Your goal -
Verbatim reproduction of the entries is required; images must be omitted.

───── Available records

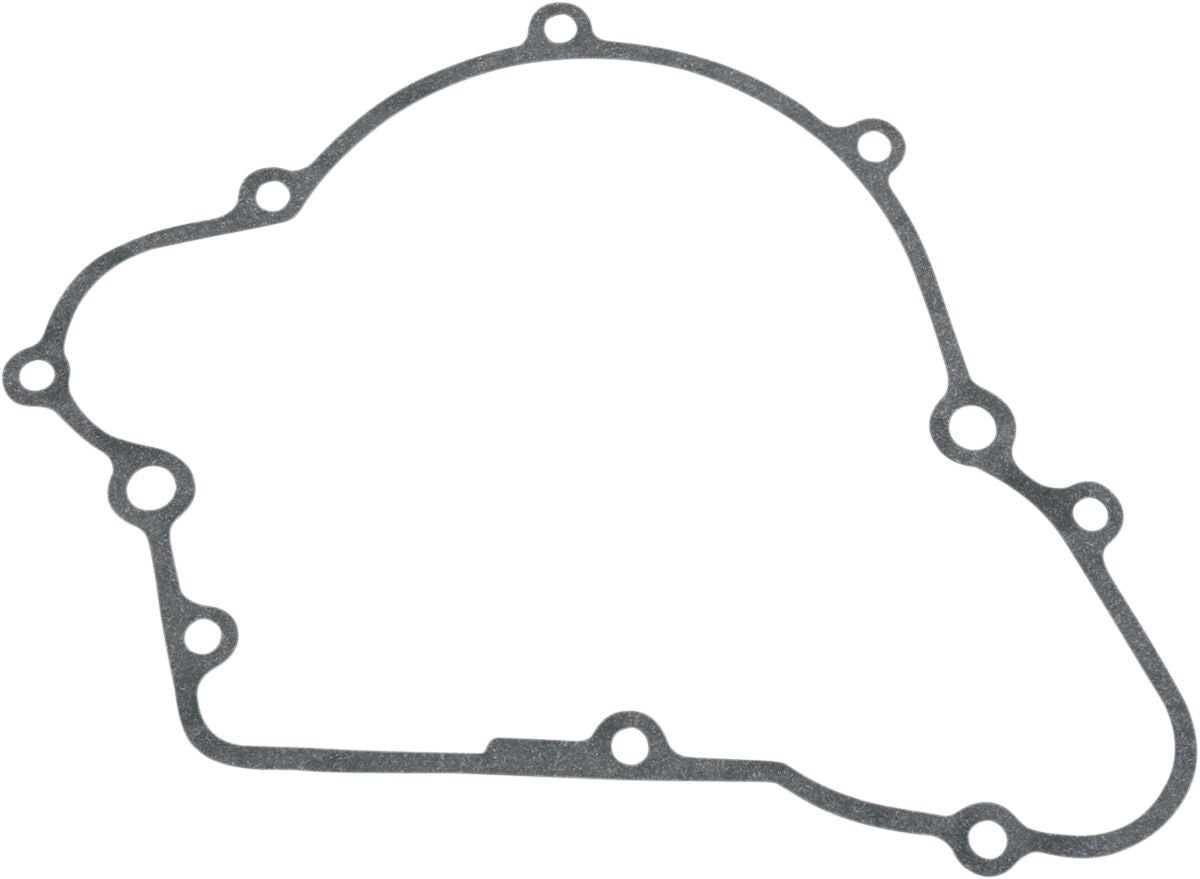 MOOSE Racing pakkingen en sets - Kawasaki (1989-2011) | Femon Parts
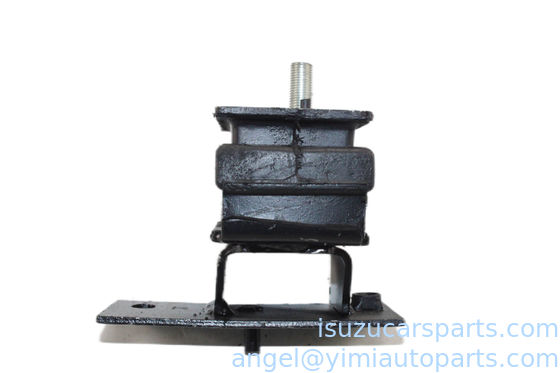 ISUZU NPR 4HF1 4HG1 ΕΝΩΡΙΣΜΟΣ ΤΟΥ ΤΕΛΟΓΡΑΦΙΟΥ R 8972016691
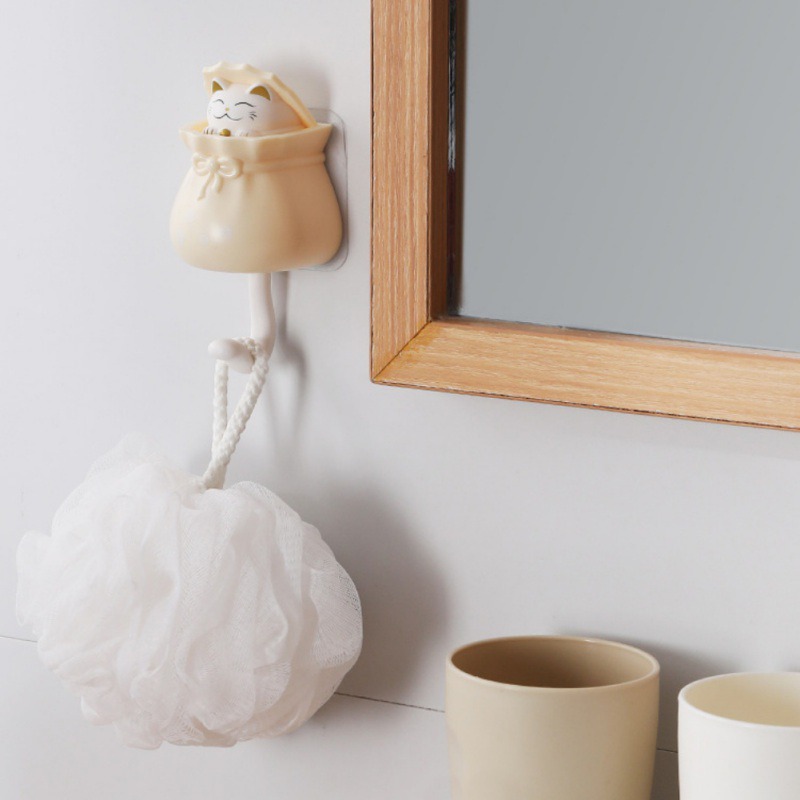 Ganci decorativi per gatti dei - Interior Design Home recensione e prezzo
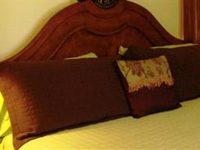 Sylvan Valley Lodge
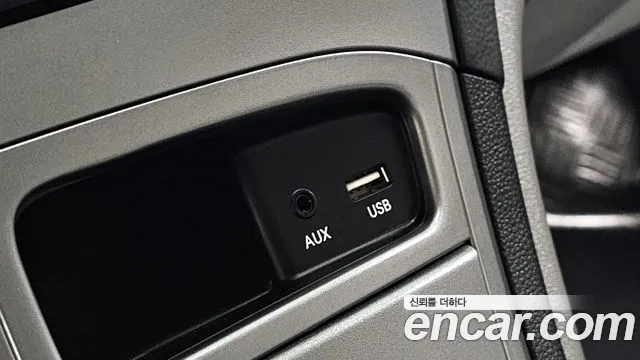 Hyundai The New Grand Starex id 2791564 из Кореи 7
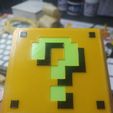 65729add-8706-4ad9-855b-3c5f31335ab1.jpeg super mario question box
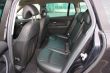 Saab 9-3 SportCombi Saab 9-3 SportCombi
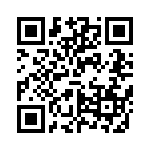 VI-24T-IX-F2 QRCode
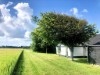 Bild 20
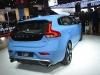 Volvo V40 2013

──────────

Output below -
 MOOSE Racing pakkingen en sets - Kawasaki (1989-2011) | Femon Parts
 ISUZU NPR 4HF1 4HG1 ΕΝΩΡΙΣΜΟΣ ΤΟΥ ΤΕΛΟΓΡΑΦΙΟΥ R 8972016691
 Ganci decorativi per gatti dei - Interior Design Home recensione e prezzo
 Sylvan Valley Lodge
 Hyundai The New Grand Starex id 2791564 из Кореи 7
 65729add-8706-4ad9-855b-3c5f31335ab1.jpeg super mario question box
 Saab 9-3 SportCombi Saab 9-3 SportCombi
 VI-24T-IX-F2 QRCode
 Bild 20
 Volvo V40 2013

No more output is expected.